By Nat Ives 

Marketers and advertising agencies expressed alarm over Google's plan to phase out support of third-party cookies in its Chrome internet browser.

Google's decision could hurt digital businesses, consumers and innovation, the Association of National Advertisers and the 4A's, a trade group for ad agencies, said in a statement.

"It would threaten to substantially disrupt much of the infrastructure of today's Internet without providing any viable alternative, and it may choke off the economic oxygen from advertising that startups and emerging companies need to survive," they said.

The groups urged Google not to make any changes until alternatives are in place.

Cookies are a way to gather information on internet activity. Websites use first-party cookies to collect data on their own visitors. Third-party cookies, in contrast, track consumers' activity across the internet. They generate information that is useful for ad targeting and other purposes, but have raised privacy concerns over the years.

Google, part of Alphabet Inc., said in a blog post Tuesday it intends to phase out support for third-party cookies in its browser within the next two years.

In response to the trade groups' objections, a Google spokeswoman emphasized a section of the blog post that said the company's plan will take effect after the industry develops new ways to meet advertisers' needs.

Dan Jaffe, group executive vice president at the Association of National Advertisers, said the trade groups' concerns were justified because many organizations haven't felt adequately involved in Google's process.

"Thus, we are urging Google to build a collaborative industry-wide process that involves all stakeholders, while committing to protect the current architecture for digital advertising until the industry develops and implements a viable alternative," Mr. Jaffe said in a statement.

More privacy and accountability is the right direction, but ads underwrite many free services online that people don't want to pay for or can't afford, said Jordan Mitchell, senior vice president at the IAB Tech Lab, a consortium focused on promoting common technology and standards for digital advertising.

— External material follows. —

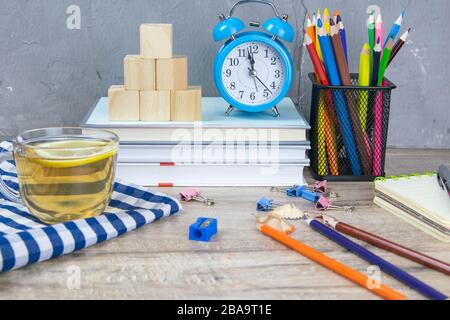 A stack of books, a clock, wooden cubes in the shape of a pyramid, next to there is tea with lemon in a transparent glass glass and multi-colored Stock Photo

"The hard part is phasing out third-party cookies without unintentionally creating a worse situation," Mr. Mitchell said in an email.

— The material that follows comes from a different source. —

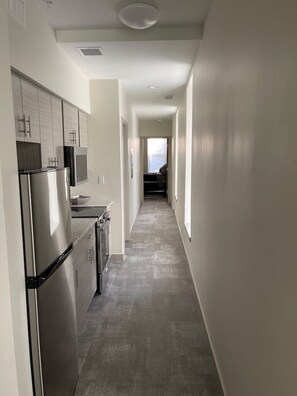 Coffee/tea maker, fridge, microwave, oven - Downtown Historic Warehouse District Lofts 301 (Cleveland)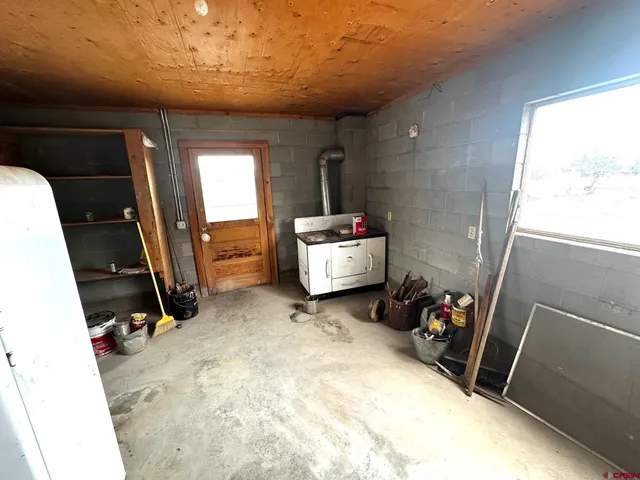 a room with furniture and a window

Google's promised shift was inevitable given rising privacy concerns, said an executive at one digital ad agency. "It's just an industry trend and a larger movement that I think Google is taking a very measured approach to," said Justin Scarborough, programmatic media director at PMG Worldwide LLC.

Apple Inc.'s Safari and Mozilla Corp.'s Firefox already have rolled out restrictions on tracking cookies. But Chrome dominates the global desktop browser market.

Ending third-party cookies could counterintuitively improve the effectiveness of digital advertising because it will push companies to establish direct, consensual relationships with consumers, Mr. Scarborough said. "When consumers and companies choose to have those kinds of interactions, they're doing it because there's a value exchange, " he said.

"There's a give and a take there," Mr. Scarborough added. "At the end of the day, the consumer-brand value exchange has to be brought out of the shadows."

Write to Nat Ives at nat.ives@wsj.com

 

(END) Dow Jones Newswires

January 16, 2020 15:35 ET (20:35 GMT)

Copyright (c) 2020 Dow Jones & Company, Inc.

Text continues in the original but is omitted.